Еда… В любой стране присматриваешься: что едят, как едят? Я был гостем и не думаю, что лаке (лосось), шампиньоны и куропатка, которыми нас угощали, — обычная пища норвежцев. Расспросы и наблюдения позволяют сказать: хлеба норвежцы почти не едят и, кажется, даже и не испытывают в нем потребности — на столе для тебя в лучшем случае маленькая булочка. Вместо хлеба — картошка. Эта привычка складывалась веками. Хлеб привозной, и отношение к нему соответственное. Мясо тоже тут привозное и дорогое, конечно. На обычном столе его еще меньше, чем хлеба. «По воскресеньям для запаха в суп и котлеты», — сказал мне норвежец в беседе на эту тему. Зато в достатке, я бы сказал, в изобилии сыр самых разных сортов. И конечно, в избытке рыба (одной селедки двадцать сортов). Из рыбы, особенно трески, норвежцы делают массу разнообразных блюд, опять же в сочетании с сыром и со сметаной.

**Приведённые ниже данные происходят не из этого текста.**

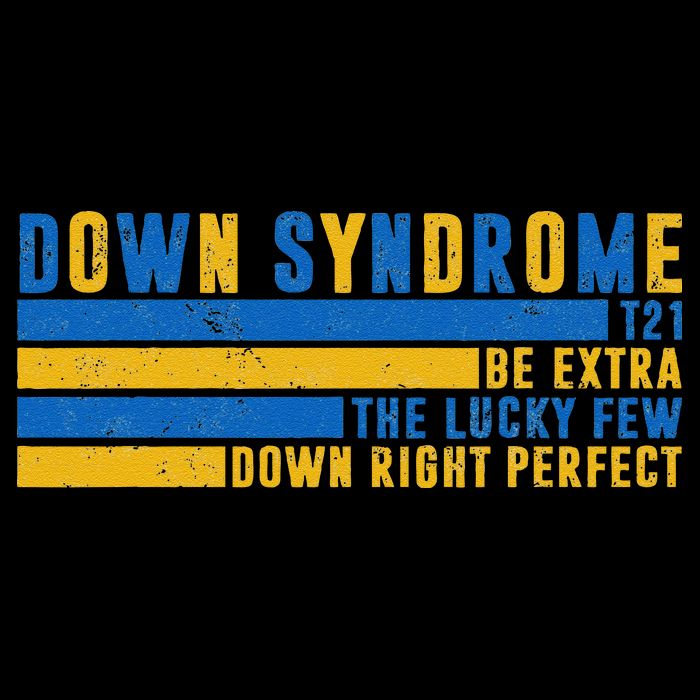 Down Syndrome T21 Be Extra The Lucky Few Down Right Perfect Impact Tech Backpack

Норвежцы — сластены. Но сахар тут тоже привозной. И возможно, поэтому спрессован в кубики раза в четыре меньше нашего рафинада. Зато в избытке разного рода варенья и джемы: из клюквы, малины, брусники, черники, смородины, голубики. Варенье тут служит приправой едва ли не к каждому блюду, даже к селедке, причем сама по себе селедка нередко тоже сладкая.

Заметно ни в коем случае не скаредное, но какое-то уважительное, аккуратное обращение с пищей. Тут ничего не ставят на стол с избытком как чревоугодники. Принцип: «Едим, чтобы жить, а не живем, чтобы есть» — хорошо тут усвоен. В прошлом веке Энгельс писал: «Люди здесь… красивы, сильны, смелы…» К этому можно еще добавить — здоровы. Дело, конечно, не только в разумном питании, но и оно в человеческой жизни не последнее дело.